The Data Champions programme has thus far seen significant progress in encouraging awareness and best practices around data management. Identifying and working with researchers who are keen to understand and promote the importance of data-related skills appears to be an effective step towards bridging the gap between researchers and data experts.

Where funding is available, this can be used to hire experts for dedicated roles to support TDM and related skills. For example, the Delft University of Technology, with support and funding from senior management, has recently begun a hiring process for “Data Stewards” to help support best practices in data management at the university. If you are considering a programme of support for TDM, it is worth considering funding sources both internal and external to the university.

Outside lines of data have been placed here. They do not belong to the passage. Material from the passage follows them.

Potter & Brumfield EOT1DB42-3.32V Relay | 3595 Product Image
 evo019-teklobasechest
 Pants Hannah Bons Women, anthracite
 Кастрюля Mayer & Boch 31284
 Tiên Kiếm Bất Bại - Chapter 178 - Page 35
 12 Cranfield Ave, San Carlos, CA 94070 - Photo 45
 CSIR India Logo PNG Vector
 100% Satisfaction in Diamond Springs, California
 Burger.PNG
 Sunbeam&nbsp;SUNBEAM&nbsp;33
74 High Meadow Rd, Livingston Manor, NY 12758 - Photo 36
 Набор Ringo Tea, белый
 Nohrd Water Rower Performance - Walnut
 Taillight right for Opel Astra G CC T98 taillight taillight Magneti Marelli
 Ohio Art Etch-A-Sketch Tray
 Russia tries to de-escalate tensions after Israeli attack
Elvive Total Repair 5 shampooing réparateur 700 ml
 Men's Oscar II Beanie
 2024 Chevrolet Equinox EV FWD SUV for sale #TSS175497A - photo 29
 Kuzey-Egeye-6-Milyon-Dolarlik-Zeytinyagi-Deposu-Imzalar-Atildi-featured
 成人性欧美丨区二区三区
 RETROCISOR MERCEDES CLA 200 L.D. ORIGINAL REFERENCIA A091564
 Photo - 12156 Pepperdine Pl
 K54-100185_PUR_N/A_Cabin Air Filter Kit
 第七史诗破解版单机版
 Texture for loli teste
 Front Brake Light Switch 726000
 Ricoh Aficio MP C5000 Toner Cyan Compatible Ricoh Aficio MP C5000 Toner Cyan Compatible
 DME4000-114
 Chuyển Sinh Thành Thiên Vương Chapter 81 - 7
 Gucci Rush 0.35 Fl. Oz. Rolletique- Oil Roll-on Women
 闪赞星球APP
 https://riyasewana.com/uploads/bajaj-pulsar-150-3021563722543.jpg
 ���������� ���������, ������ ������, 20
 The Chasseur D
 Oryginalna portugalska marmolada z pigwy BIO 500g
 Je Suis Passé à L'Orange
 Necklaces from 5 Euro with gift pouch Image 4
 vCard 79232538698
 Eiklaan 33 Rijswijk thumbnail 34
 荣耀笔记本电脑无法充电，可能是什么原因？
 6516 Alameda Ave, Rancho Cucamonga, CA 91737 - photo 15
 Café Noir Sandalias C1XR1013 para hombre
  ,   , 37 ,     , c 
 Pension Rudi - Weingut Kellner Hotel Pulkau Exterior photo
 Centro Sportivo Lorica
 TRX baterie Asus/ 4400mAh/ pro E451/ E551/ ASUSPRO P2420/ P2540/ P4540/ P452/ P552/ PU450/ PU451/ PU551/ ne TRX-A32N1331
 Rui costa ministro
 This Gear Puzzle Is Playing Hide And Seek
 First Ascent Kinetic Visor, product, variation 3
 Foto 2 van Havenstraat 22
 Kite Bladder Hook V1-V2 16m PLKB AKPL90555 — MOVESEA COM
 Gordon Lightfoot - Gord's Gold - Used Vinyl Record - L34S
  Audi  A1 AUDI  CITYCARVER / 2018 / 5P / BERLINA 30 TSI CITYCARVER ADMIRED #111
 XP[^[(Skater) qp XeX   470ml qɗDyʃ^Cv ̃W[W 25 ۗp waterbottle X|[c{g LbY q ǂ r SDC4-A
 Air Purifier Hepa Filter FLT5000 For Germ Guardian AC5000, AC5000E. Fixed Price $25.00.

However, other incentives can also be used to encourage people within the university community to support TDM and related practices. At the University of Cambridge, volunteer Data Champions are given public recognition via the university website, as well as internal recognition in the form of reference letters to their heads of department. At University College London, PhD students in computer science have been working to create data science education materials aimed at a pre-university level, and have been happy to volunteer their time towards this project as a public good.

The best way to understand what incentives would encourage stakeholders within the university community to help support TDM and related practices is, of course, to consult with them.

Thus far, few universities have taken concrete steps towards policies supporting TDM. Many more are interested in supporting TDM in principle, but uncertain how to go about developing and implementing policy in this area. If you or your institution has had success in developing strategies around supporting TDM and data-related skills, we encourage you to share and promote your success stories with others. 5

Summary of key points

Universities are uniquely placed to support the uptake of TDM, but to fully capitalise on this potential ultimately requires a central, coordinated approach to bring together information, resources, and people in this field. Some ways that you can gather and encourage support and awareness around TDM at your university include:

  • carrying out surveys or interviews to demonstrate a need for TDM support;
  • involving and engaging with all stakeholders across the university;
  • understanding the organisation of education and research faculties, and how TDM and related skills might fit into existing processes;
  • bringing together information about and access to resources, to make these easily discoverable by people interested in TDM;
  • finding and identifying early adopters who are personally interested in promoting or pursuing TDM;
  • introducing incentives for people to engage with TDM-related initiatives; and
  • sharing experiences and success stories so that others can learn from them.

Case studies of how particular universities have begun to address support for TDM will be shared via the FutureTDM blog and awareness sheets.

Skills and Education

All aspects of the TDM landscape rely on stakeholders and practitioners having access to the necessary skills, education and support to carry out TDM projects. Universities play a crucial role in supplying the necessary skills, education and awareness that underpin all other aspects of the TDM value chain.

Lack of awareness

Even though TDM technologies began emerging in the 1990s, it is still seen by many as a new, or even a “niche” field. Particularly outside of traditionally data-driven disciplines, there can be less awareness of or interest in TDM – despite its vast potential for applications in all areas.

Skills gap

A further challenge is bridging the gap between students or researchers in a given domain, and experts in data-related skills. Just as researchers may not have the expertise to understand TDM tools and applications, experts in TDM may not have the domain-specific knowledge to understand how those tools can be applied in a given discipline.